Uluslararası akademik ölçümlerin gösterdiği, Türkiye’de bugün yargı bağımsızlığı bırakın 2008’i, 1980-83 askeri darbe yönetimi döneminden bile geride.

Siyasi iktidara bağlı yargı ve medya organları koordineli operasyonlar yürütüyorlar. İmamoğlu’nun üniversite diploması meselesinde de böyle oldu. Önce, siyasi iktidarla bağlantılı gazeteciler meseleyi gündeme getirdi, konu bilinçli bir şekilde medyada köpürtüldü, sonra da savcılık soruşturma başlattı. 2000’li yıllarda devlet içindeki Fethullahçı örgütün savcılık soruşturmalarında da aynı bu yöntem izlenirdi.

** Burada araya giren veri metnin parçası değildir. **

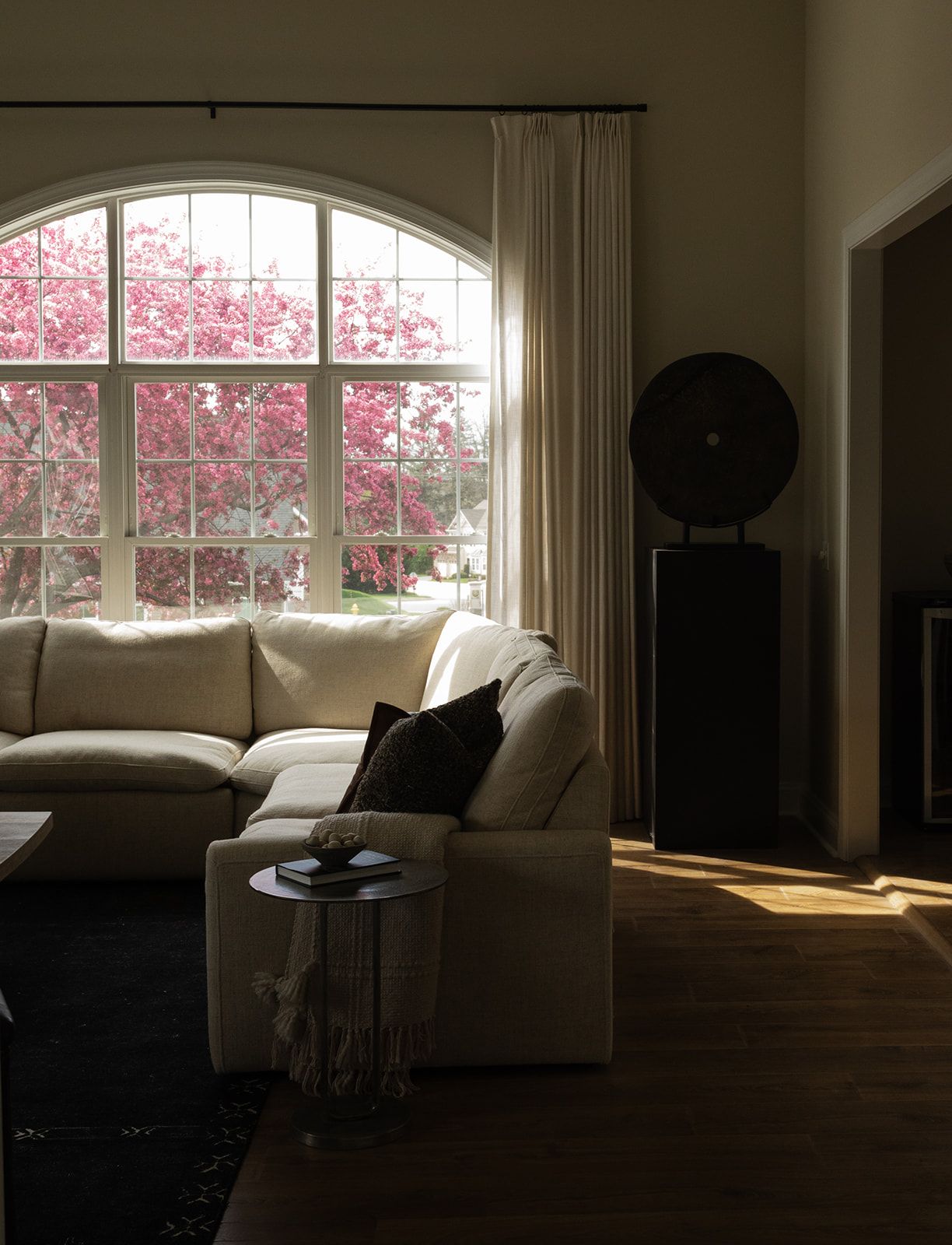Living room interior with arched windows framing pink blossoming trees and white upholstered furniture.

İmamoğlu’nun diploması ile ilişkili tartışmanın detaylarına girmeyi zekama ve siyaset bilgime bir hakaret sayıyorum. Ortalama IQ’de, siyasi partizanlıktan rasyonel düşünme yetisini kaybetmemiş ve/ya belirli çıkar çevrelerinden mefaat sağladığı için bilinçli yalan konuşan biri değilseniz durum oldukça açık: Gerçekleştiği dönemde yasa ve yönetmeliklere hiçbir şekilde aykırılık içermeyen bir eylem, sırf İmamoğlu seçime giremesin diye bugün bilinçli olarak kamuoyunun gündemine getiriliyor ve yargı araçsallaştırılarak bunun üzerinden siyasi yasak getirilmeye çalışılıyor.

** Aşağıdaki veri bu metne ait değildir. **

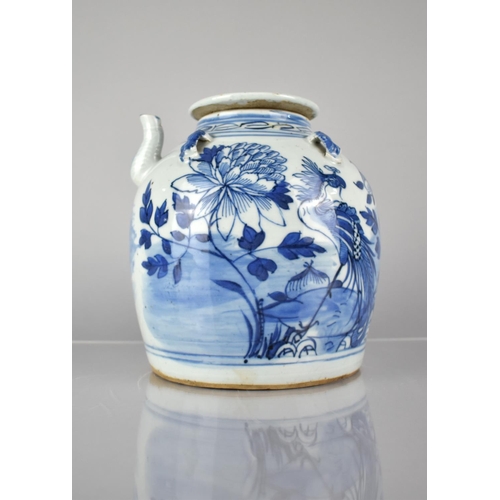 412 - A Chinese Blue and White Teapot decorated with Exotic Bird and Flowers, 19.5cms High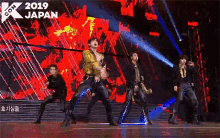 a group of men are dancing on a stage in front of a crowd .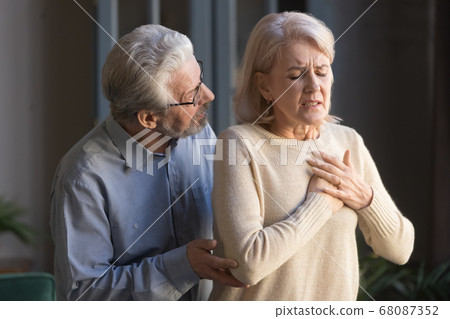 Worried elder husband helping wife touching chest having heart attack Worried elder husband helping wife touching chest having heart attack 68087352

Bu saydığım kategorilerde olan insanlara, yani partizanlara ve menfaatçilere, ise ne deseniz boş. Onların zaten rasyonel argümanlarla ikna olmaları mümkün değil.

Navalny örneği

İmamoğlu’na son 1-2 aydır yoğun yargı soruşturmaları başadığından beri Türkiye’nin Rusyalaşmakta olduğunu, hatta belki de çoktan Rusyalaştığını, tekrardan dillendirmeye başladım.

Rusya’da özellikle Alexei Navalny örneğini bilenler, o örneğin bugün Ekrem İmamoğlu üzerinde oluşturulan yargı ablukasıyla benzerlikler taşıdığını göreceklerdir.

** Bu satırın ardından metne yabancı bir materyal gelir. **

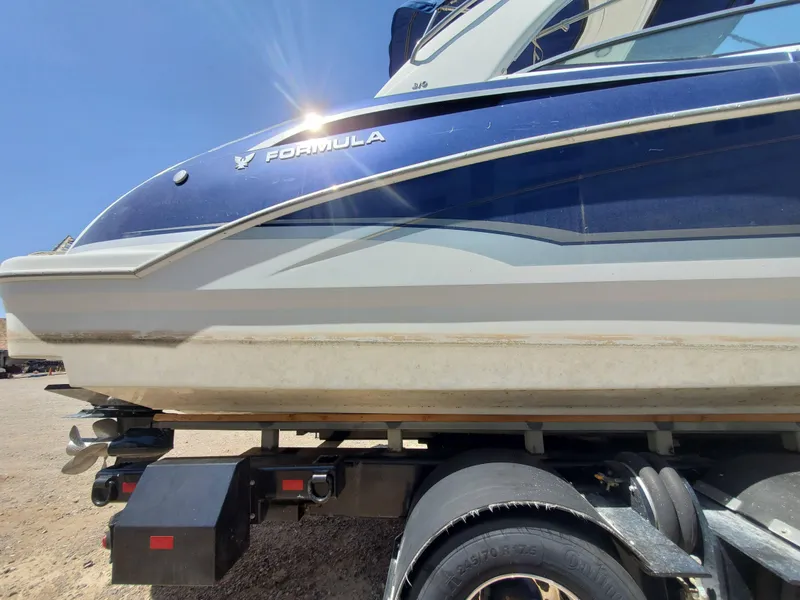 Slide: The Image of 2012 Formula 310 Sun Sport boat on a trailer, side view. - 36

Navalny, 2010’lu yıllarda Rusya’da rejimin resmi güdümlü muhalefeti dışındaki gerçek muhalefeti örgütleyen bir avukattı. Özellikle yolsuzluklara karşı aktivizmiyle halk arasında popüler oldu. Kurduğu Yolsuzlukla Mücadele Vakfı birçok rejim mensubunun yolsuzluğunu halka deşifre etti. Rejimin bu eylemlere verdiği cevap ise yolsuzluk yaptığı gerekçesiyle kendisine hüküm giydirmek oldu. Bu şekilde Navalny’nin gelecekteki seçimlerde yarışması engellendi. Nitekim, 2018’deki cumhurbaşkanlığı seçiminde Putin karşısında seçimi kazanabilecek tek aday olmasına rağmen seçime sokulmadı. Ne kadar tanıdık değil mi?

Navalny, 2020 yılında Rusya’daki rejim tarafından zehirlendi. Sonra Almanya’ya iltica etti ancak (oldukça bir yanlış bir kararla) bir yıl sonra Rusya’ya geri döndü. Döner dönmez tutuklandı. 2023 yılının Aralık ayında hapisteyken öldürüldü.

Türkiye’de işler (henüz) hücrede öldürmeye kadar varmış değil, varır mı onu da bilemiyoruz. Ama muhalefetin güçlü aktörlerine uyduruk gerekçelerle siyasi yasak getirme ve, Selahattin Demirtaş ve Ümit Özdağ örneklerini esas alırsak, hapse atmanın olmayacağını hiçbir şekilde söyleyemeyiz.

Türkiye demokrasi, hukuk devleti ve temel hak ve hürriyetler açısından çok daha kötü bir döneme girmekte. 1950’den beri Türkiye’de bu saydığım alanlarda bu kadar geriye gidiş sadece 1960-61 ve 1980-83’teki darbe dönemlerinde yaşandı. Ancak, o dönemlerdeki askeri yönetimlerin demokratik oldukları gibi bir iddiası zaten yoktu ve geçici oldukları en baştan belliydi. Bugünkü yönetim ise demokratik olduğu iddiasında ve ne kadar iktidarda kalmayı başarabilirse oraya kadar ülkeyi yönetmek istiyor. Nitekim, dün yaptığı açıklamada Erdoğan ölene kadar ülkeyi yönetmek istediği mesajı verdi.

Bu gidişatın önündeki tek engel ise şu konjonktürde İmamoğlu’ndan başkası değil gibi duruyor.